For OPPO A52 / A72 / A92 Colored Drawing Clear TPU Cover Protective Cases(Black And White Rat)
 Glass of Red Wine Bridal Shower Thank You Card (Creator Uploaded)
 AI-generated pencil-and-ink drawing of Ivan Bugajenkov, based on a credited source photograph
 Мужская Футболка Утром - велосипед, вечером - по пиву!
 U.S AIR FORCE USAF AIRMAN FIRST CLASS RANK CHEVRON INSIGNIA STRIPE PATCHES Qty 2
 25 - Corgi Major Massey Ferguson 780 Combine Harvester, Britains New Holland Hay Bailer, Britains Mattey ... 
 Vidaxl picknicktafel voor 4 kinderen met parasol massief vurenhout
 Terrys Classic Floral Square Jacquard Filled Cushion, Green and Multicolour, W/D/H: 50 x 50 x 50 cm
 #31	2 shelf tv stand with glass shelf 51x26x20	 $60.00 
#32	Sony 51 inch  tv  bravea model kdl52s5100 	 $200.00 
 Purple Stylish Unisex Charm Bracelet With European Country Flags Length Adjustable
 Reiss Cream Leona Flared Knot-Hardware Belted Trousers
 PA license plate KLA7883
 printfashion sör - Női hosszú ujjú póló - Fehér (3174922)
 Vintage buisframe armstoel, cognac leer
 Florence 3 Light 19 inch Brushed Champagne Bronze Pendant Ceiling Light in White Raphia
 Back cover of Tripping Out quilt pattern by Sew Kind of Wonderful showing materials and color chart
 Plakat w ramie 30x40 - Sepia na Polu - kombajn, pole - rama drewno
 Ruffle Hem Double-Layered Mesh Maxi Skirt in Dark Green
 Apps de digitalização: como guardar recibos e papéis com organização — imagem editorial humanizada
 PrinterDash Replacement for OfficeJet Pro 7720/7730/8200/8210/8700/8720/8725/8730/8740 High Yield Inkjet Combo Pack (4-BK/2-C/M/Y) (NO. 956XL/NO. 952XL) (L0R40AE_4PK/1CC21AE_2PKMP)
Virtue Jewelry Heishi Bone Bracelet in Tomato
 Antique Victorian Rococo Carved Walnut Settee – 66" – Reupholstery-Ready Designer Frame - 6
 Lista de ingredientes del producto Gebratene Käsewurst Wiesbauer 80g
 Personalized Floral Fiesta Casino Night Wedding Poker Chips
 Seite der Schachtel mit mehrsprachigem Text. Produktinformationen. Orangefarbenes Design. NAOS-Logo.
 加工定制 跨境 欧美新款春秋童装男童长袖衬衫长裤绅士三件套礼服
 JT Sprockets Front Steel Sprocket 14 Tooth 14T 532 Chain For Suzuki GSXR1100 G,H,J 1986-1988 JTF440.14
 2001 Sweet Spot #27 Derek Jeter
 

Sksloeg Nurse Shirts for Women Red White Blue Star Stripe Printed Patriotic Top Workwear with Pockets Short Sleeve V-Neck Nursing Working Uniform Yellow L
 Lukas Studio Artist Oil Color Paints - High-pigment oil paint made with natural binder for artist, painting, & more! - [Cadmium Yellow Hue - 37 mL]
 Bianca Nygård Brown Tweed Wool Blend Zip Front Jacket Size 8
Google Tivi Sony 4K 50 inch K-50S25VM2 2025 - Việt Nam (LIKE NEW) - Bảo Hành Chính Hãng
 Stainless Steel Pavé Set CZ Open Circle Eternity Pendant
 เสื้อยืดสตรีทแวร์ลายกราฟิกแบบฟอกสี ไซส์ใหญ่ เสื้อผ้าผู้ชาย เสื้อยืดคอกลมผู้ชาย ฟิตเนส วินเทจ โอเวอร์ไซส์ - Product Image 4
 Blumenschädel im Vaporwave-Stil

§ Task requirements: Could you copy exactly the lines from the first line of the records above through the line containing "U.S AIR FORCE", both included, and nothing else?

§ Solution for this task:
For OPPO A52 / A72 / A92 Colored Drawing Clear TPU Cover Protective Cases(Black And White Rat)
 Glass of Red Wine Bridal Shower Thank You Card (Creator Uploaded)
 AI-generated pencil-and-ink drawing of Ivan Bugajenkov, based on a credited source photograph
 Мужская Футболка Утром - велосипед, вечером - по пиву!
 U.S AIR FORCE USAF AIRMAN FIRST CLASS RANK CHEVRON INSIGNIA STRIPE PATCHES Qty 2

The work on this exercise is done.